CLARK, J.
The Sheriff's Office of Palm Beach County appeals the final order of the Public Employees Relations Commission which determined that the Sheriff's Office violated section 447.501(1), Florida Statutes by refusing to process a former deputy's grievance to arbitration. The PERC ruled that the "Last Chance Contract" entered into by the Sheriff's Office and the former deputy prior to the termination action did not constitute a waiver of all the former deputy's avenues to contest the termination and in this case, did not waive his right to grieve his termination under the grievance and arbitration clause of the collective bargaining agreement. The Commission ordered the Sheriff's Office to cease certain actions and to process the former employee's grievance to arbitration.
Finding no grounds to reverse under sections 120.68(7) or 447.504(2), Florida Statutes, the Commission's order is AFFIRMED.
BENTON, C.J., concurs; MAKAR, J., concurs with opinion.
MAKAR, J., concurring.
Last chance agreements (LCAs), sometimes known as return to work agreements, are written contracts between employers and wayward employees designed to provide the latter with one more chance at workplace redemption or suffer the consequences, typically termination. See generally Peter A. Bamberger & Linda H. Donahue, Employee Discharge and Reinstatement: Moral Hazards and the Mixed Consequences of Last Chance Agreements,
In this case, the Palm Beach Sheriff's Office entered the LCA with Sergeant Brett Raban, a member of the Palm Beach County Police Benevolent Association, which represents his interests in this appeal. By entering the LCA, the Sheriff's Office bargained away its right to terminate Raban for his initial violations of rules and regulations but received in return the ability to terminate Raban for any future violations without Raban contesting them; at least that was the Sheriff's Office's intent.

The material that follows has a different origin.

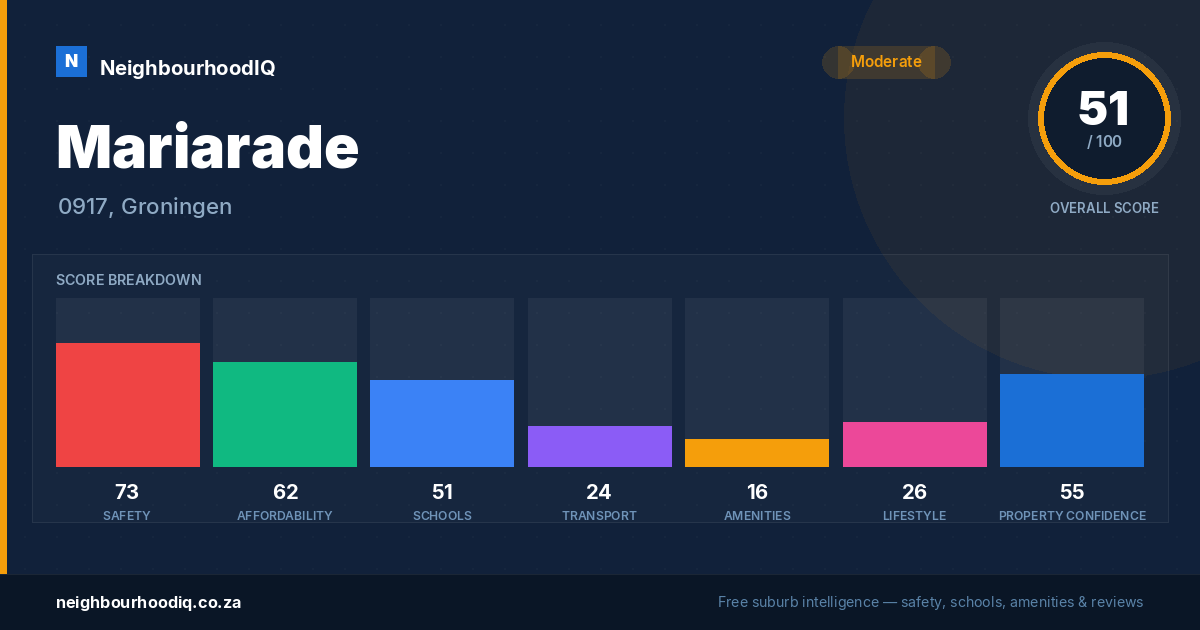 Mariarade report card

The problem in this case is that the language of the LCA did not conclusively eliminate all of Raban's remedial options. A small window of ambiguity exists through which Raban plausibly asserts that he bargained away all his remedial rights, except the right to have an arbitrator decide whether the LCA should be applied to allow his termination due to his subsequent violation. This situation is much like that in United Steel Workers of America v. Century Aluminum of Kentucky, 157 Fed.Appx. 869, 874 (6th Cir. 2005), where the court held that the last chance agreement at issue failed to clearly and unambiguously waive the issue of guilt; instead, it only waived the manner in which discipline could be imposed. The court noted that the employer could have drafted the agreement to exclude the issue of "factual guilt" from arbitration, but did not. Id. Likewise here, nothing prevented the Sheriff's Office from clearly and unambiguously excluding all avenues of relief or review including the arbitrability of factual guilt for the new violation alleged against Raban. Notably, both the hearing officer and the Public Employees Relations Commission ("PERC") found that the LCA at issue was enforceable generally; and, per its terms, Raban could not appeal to a hearing review board. But, as PERC's final order noted, the LCA did not exclude all remedial possibilities, stating "[h]ad the Sheriff included language similar to that found in numbered paragraph one in the concluding paragraphs of the Agreement which excluded the option of `challenge in any forum,' our analysis would be different." Because the LCA did not, I concur that affirmance is proper.